Feature selection could offer support for machine learning tasks and it is applied to identify important feature variables from a large number of feature variables. Through feature selection, irrelative, redundant and noise data could be filtered and the accuracy of the classification could be improved [18, 19]. According to the relationship with the learning method, there are three categories of feature selection method, including filters, embedded methods and wrappers [20]. Considering there are many feature selection algorithms, we chose four representative methods including RFA, Max-relevance and Min-Redundancy (mRMR), support vector machine recursive feature elimination (SVM-RFE) and relief for each category for identifying discriminative features for KBD diagnosis.

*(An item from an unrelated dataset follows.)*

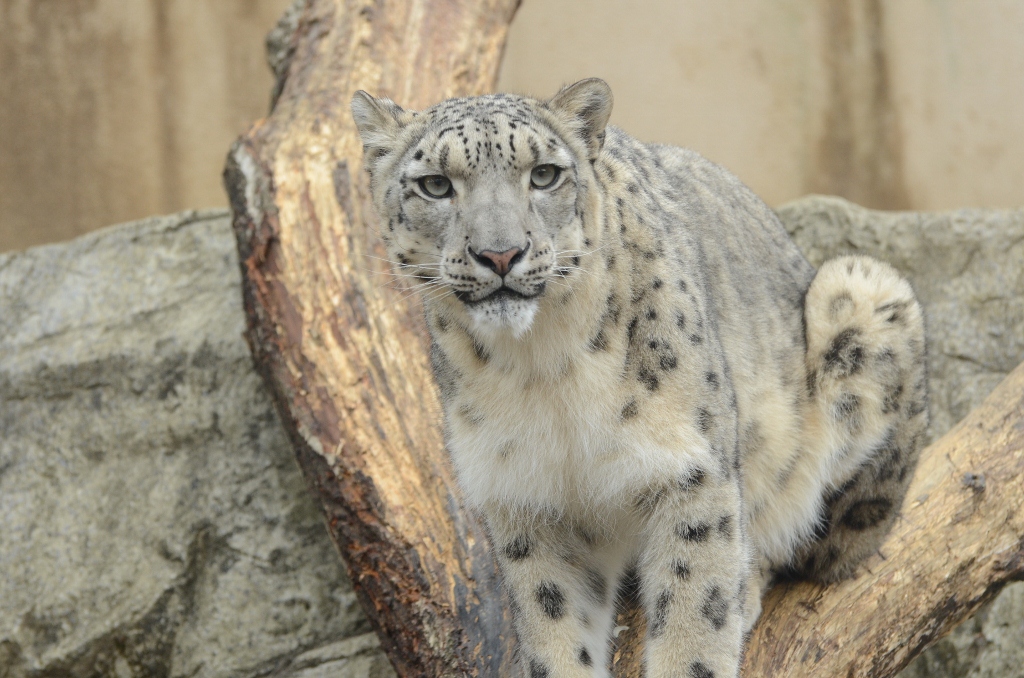 ２０１３年２月　王子動物園　シゲジロウくん、さようなら_a0052986_22524397.jpg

To our knowledge, machine learning methods have not been reported in KBD diagnosis. In this study, 26 features including clinical manifestations, and pathological changes of X-ray images from 800 adolescents (400 confirmed KBD subjects and 400 non-KBD subjects) were extracted. Different machine learning algorithms including RFA, ANNs, SVM and LR were applied to build calssification models and the predictive efficacy of them were compared. More importantly, four feature selection algorithms were applied and we selected 10 discriminative features from 26 features. These 10 features with high sensitivity and specificity could provide a fast, effective diagnostic method for KBD diagnosis among adolescents.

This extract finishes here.